İç içe olduğu Gülen Cemaati’ni “FETÖ” adlandırmasıyla terör örgütü ilan eden ve 15 Temmuz darbe girişiminin ardından ilan ettiği OHAL ile devletin tüm kurum ve kuruluşlarında Cemaat ilişkisi olan/olduğu iddia edilen kesimleri temizlemeyi önüne koyan TC/AKP’nin süreçteki tek hedefi elbette ki Gülen Cemaati değil/olmayacaktır.

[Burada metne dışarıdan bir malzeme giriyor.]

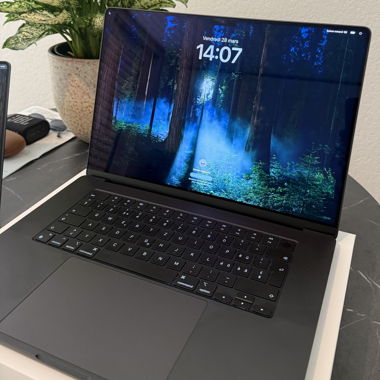 MacBook Pro 16 M4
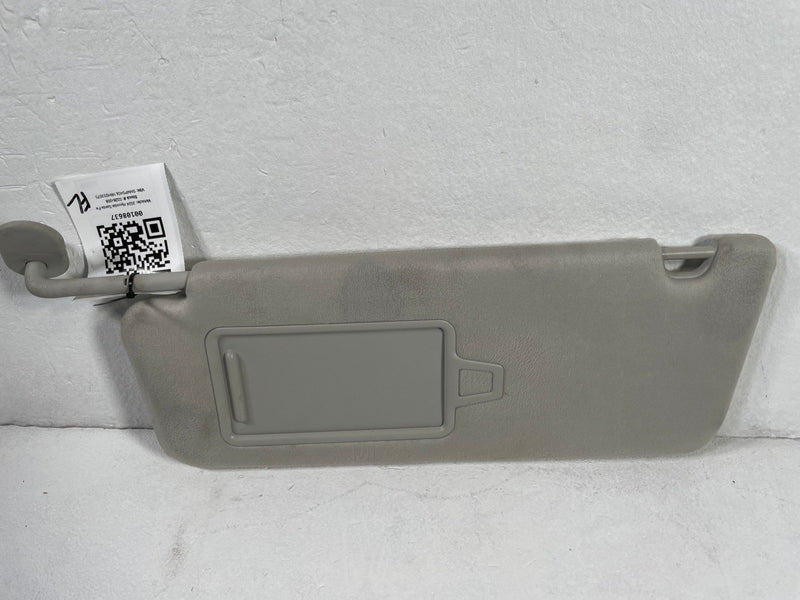 Load image into Gallery viewer, 2024 - 2026 HYUNDAI SANTA FE FRONT LEFT DRIVER SIDE SUNVISOR SUN VISOR # 108637
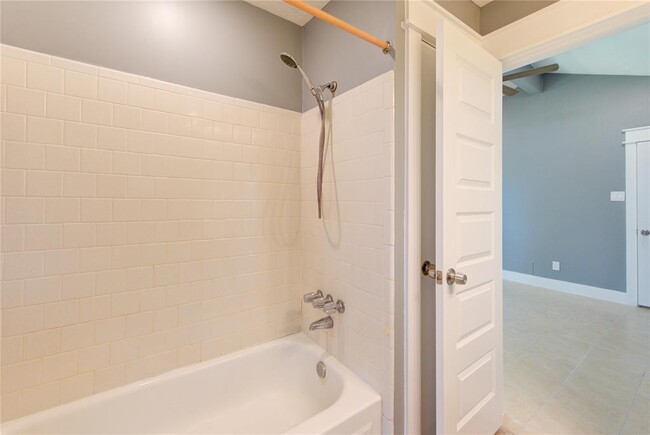 Building Photo - 3843 Westmeadow Dr
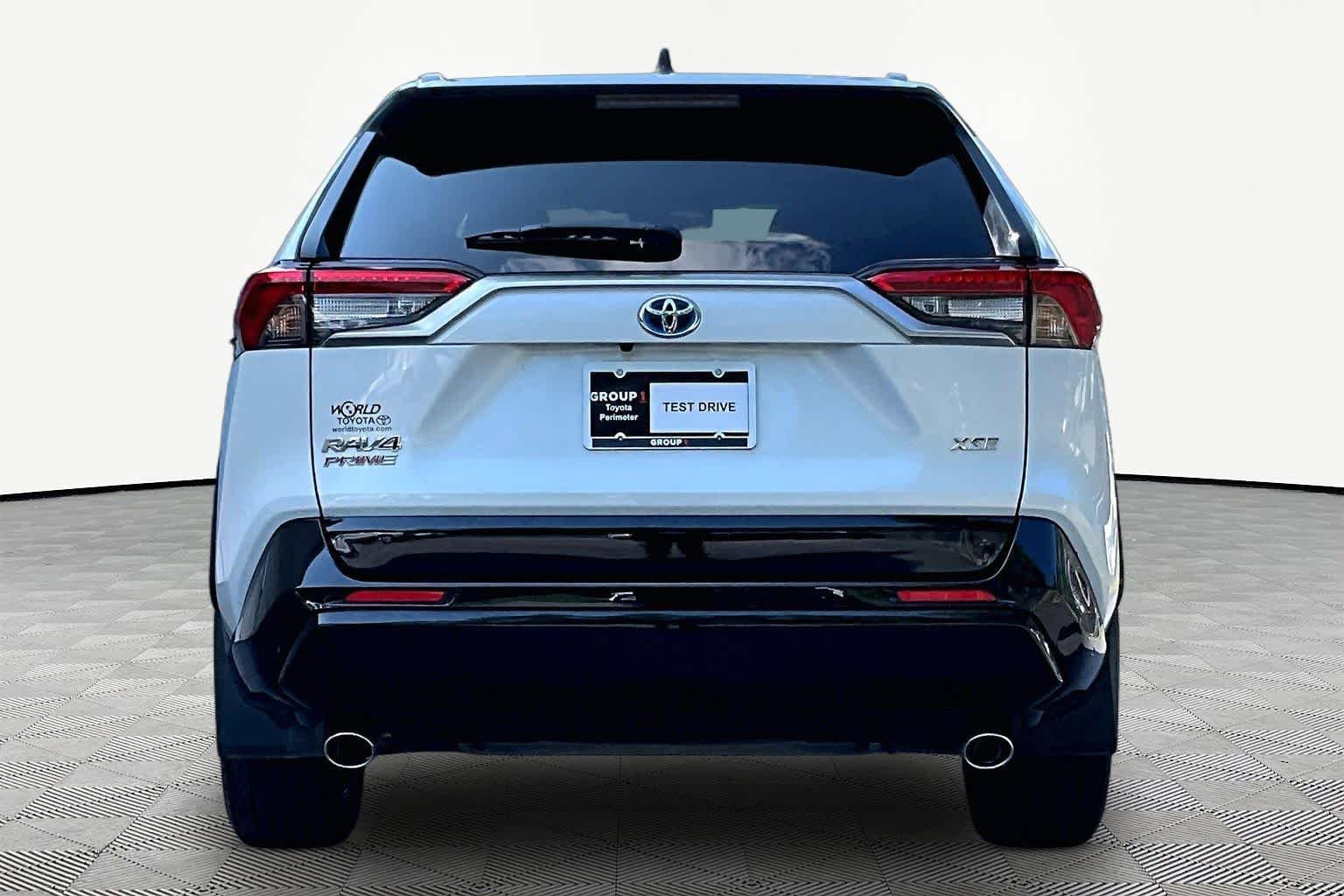 Used 2024 Wind Chill Pearl/Midnight Black Metallic Toyota XSE image 5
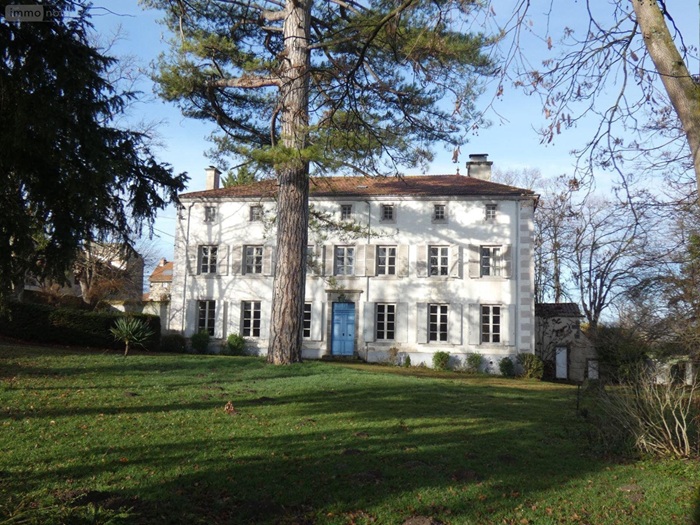 achat vente Maison de Maître a vendre  , dépendances, chapelle, piscine Chambaron-sur-Morge , à 20mn au Nord Clermont-Fd, proche A71 PUY DE DOME AUVERGNE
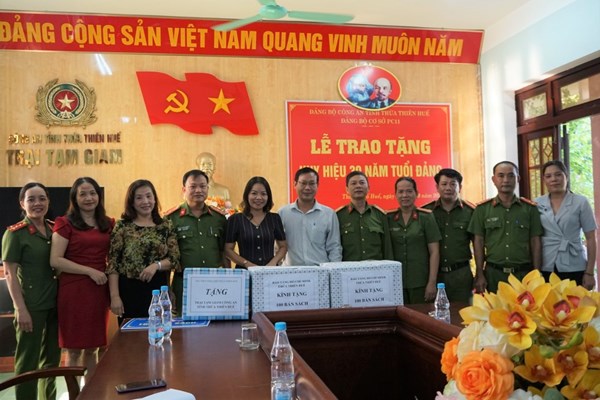 Tặng sách cho “Tủ sách hướng thiện” Trại tạm giam Công an tỉnh Thừa Thiên Huế - Anh 1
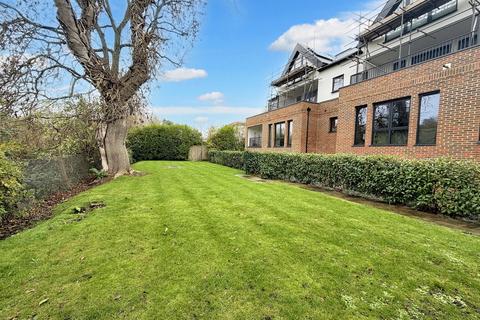 undefined, Reddown Road, Coulsdon CR5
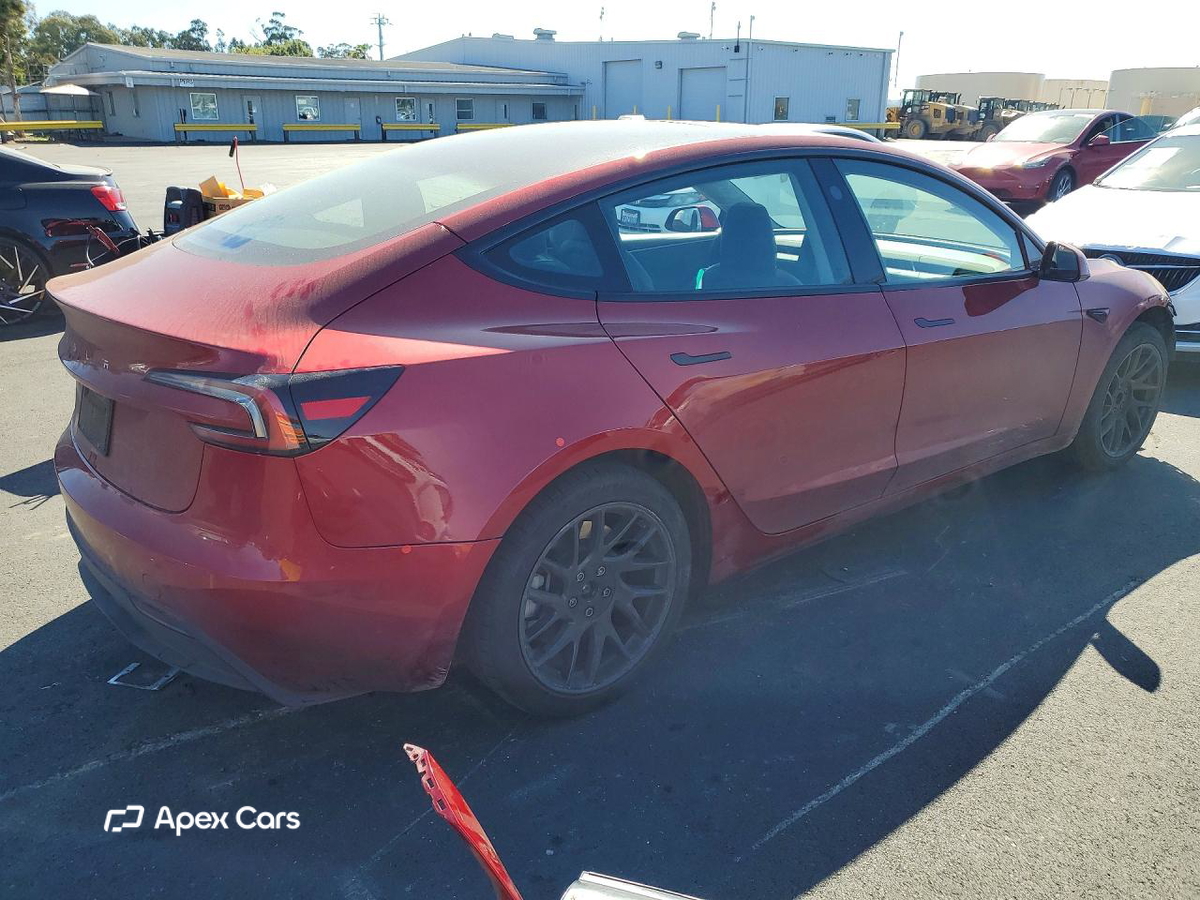 Tesla Model 3 2024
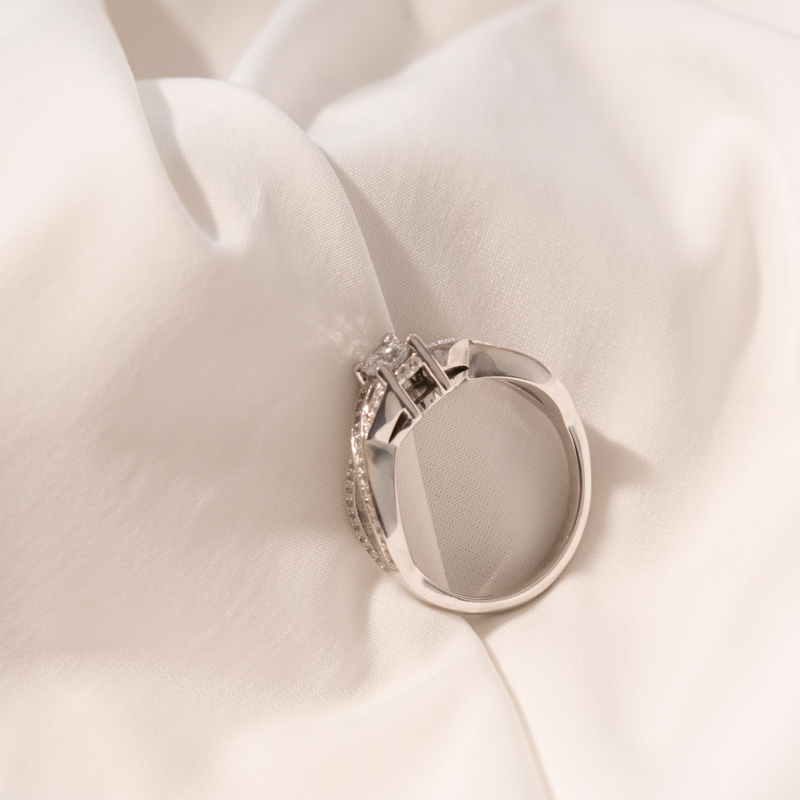 Luxusní infinity zásnubní prsten s diamanty Frankie 102107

Klik dalaşının almış olduğu son hal, bir yılı aşkın süredir süregelen abluka, katliam, gözaltı ve tutuklamalarıyla muhalif her kesime açıktan yönelen hakim sınıf temsilcilerinden AKP’nin isimsiz OHAL’ini isimlendirmesini sağladı. Devletin kendi içerisinde hakim sınıflar arasındaki iktidar savaşımından etkilenen-etkilenecek olan ise elbette ezilenler ve onların ortak mücadelesidir. İşçi ve emekçileri, Kürt halkını, kadınları, LGBTİ’leri, ezilen inanç gruplarını hedefine alan devletin, OHAL ile beraber hedefine daha da yoğunlaştığı ve ezilenlerin mücadele alanlarını yok etmeye çalıştığı aşikardır.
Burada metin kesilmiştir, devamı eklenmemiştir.